I propose that because the osteopathic philosophy is fundamentally different from that of allopathic medicine, it is incumbent on us osteopathic physicians to apply our philosophy to the evidence and use what I would like to call “evidence-based osteopathic medicine” (EBOM). The fundamental difference from EBM is that EBOM includes optimum health as a central theme. The third edition of our profession's textbook, Foundations of Osteopathic Medicine, highlights that “Health is the adaptive and optimal attainment of physical, mental, emotional, and spiritual well-being.”1 Never in the history of osteopathic medicine has the central theme stopped at managing disease. As osteopathic physicians, we have always sought optimum health for our patients. 

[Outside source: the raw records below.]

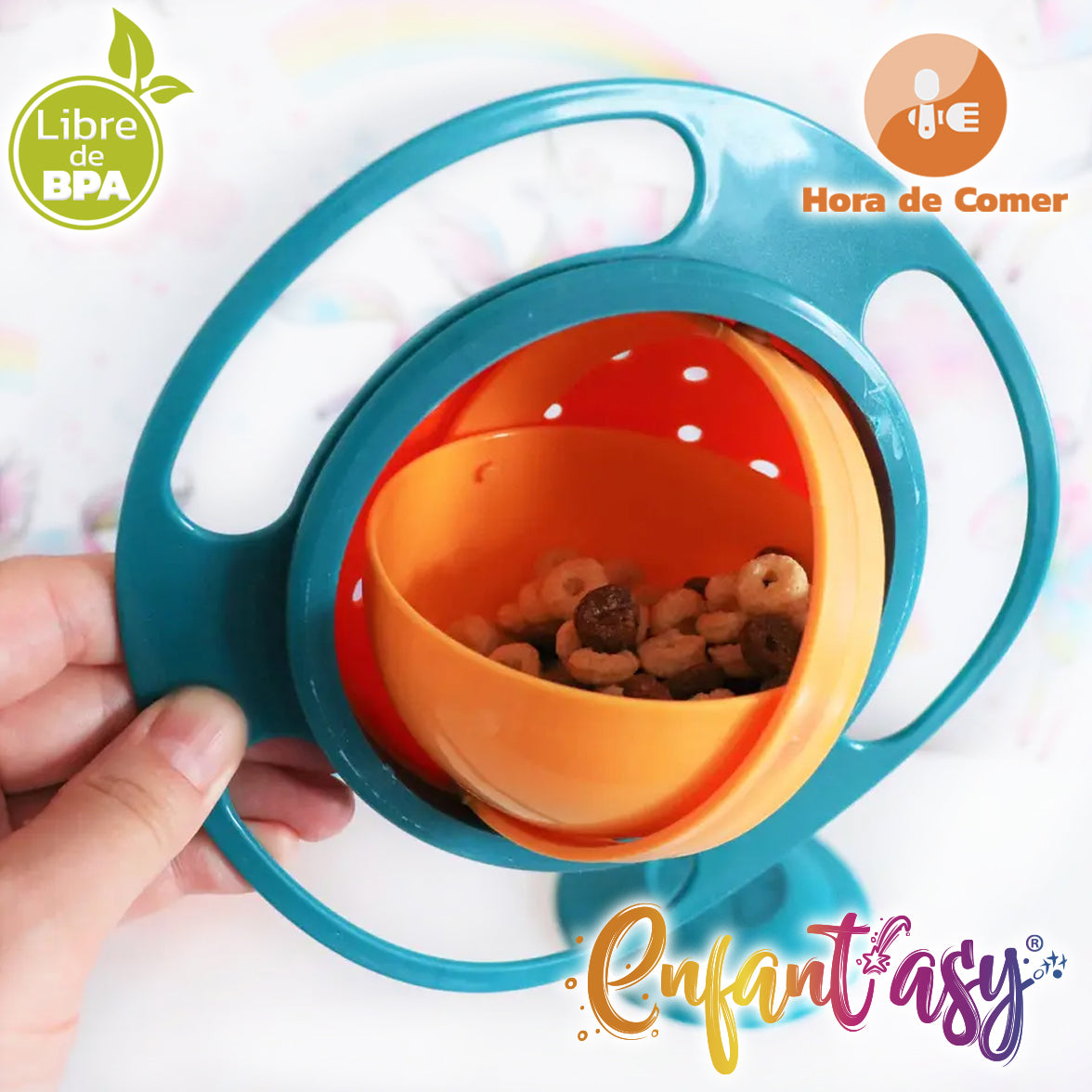 Bowl 360 Antiderrame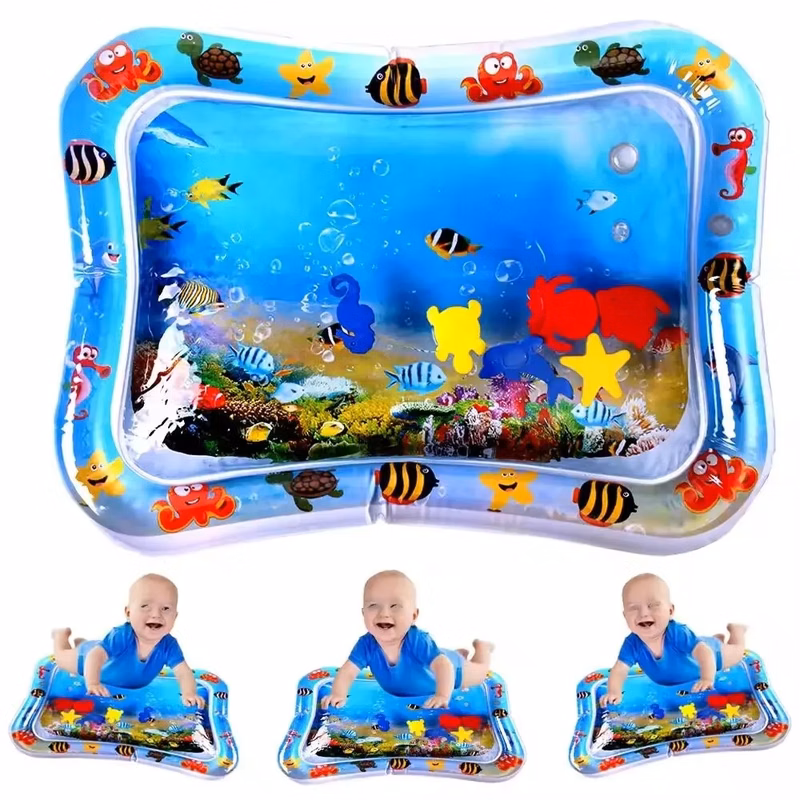 Inflatable Water Play Mat for Baby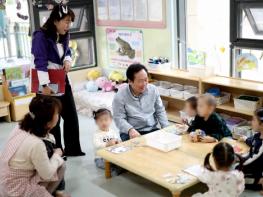 안동시, 평일야간․주말 연장보육으로 촘촘한 돌봄 안전망 구축 기사 이미지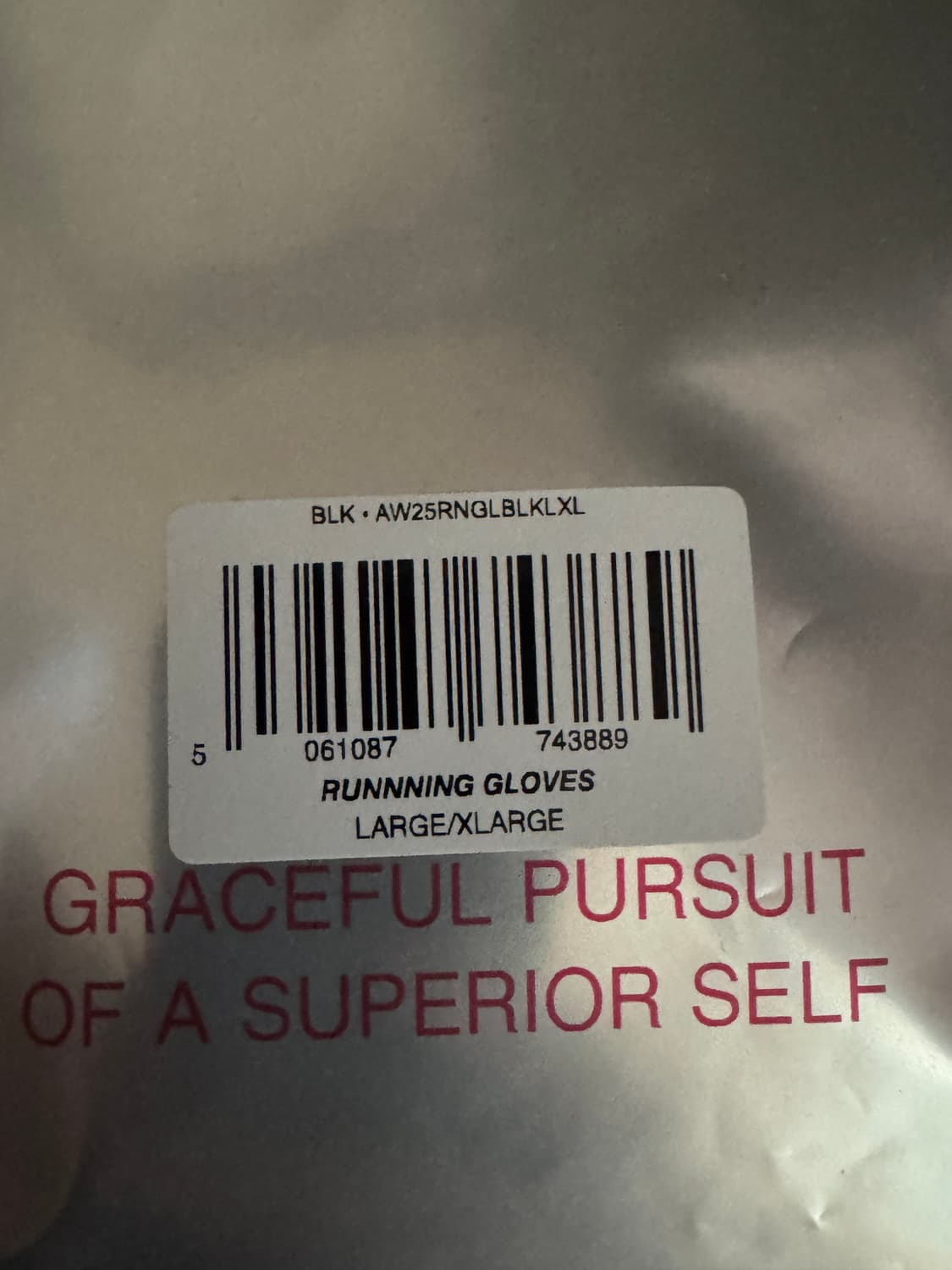 UVU 장갑 판매합니다 상품이미지2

Evidence-based medicine is an important contribution to the practice of medicine, and I believe all physicians need to make decisions based on EBM. Practicing EBM means that we apply our clinical expertise to the clinical state of the patient while paying particular attention to the patient's preferences and belief systems and integrating that information with the research evidence to create unique, evidence-based treatments. However, as osteopathic physicians we have the added responsibility to ask if the evidence has a positive or negative impact on our patient's abilities to achieve optimum health. Osteopathic medicine has always been about offering something more, and I believe that tradition should continue with EBOM—our approach to EBM. 
Reference
Reference
Seffinger MA, King HH, Ward RC, Jones JM, Rogers FJ, Patterson MM. Osteopathic philosophy. In: Chila AG, executive ed. Foundations of Osteopathic Medicine. 3rd ed. Baltimore, MD: Lippincott Williams & Wilkins; 2011:21.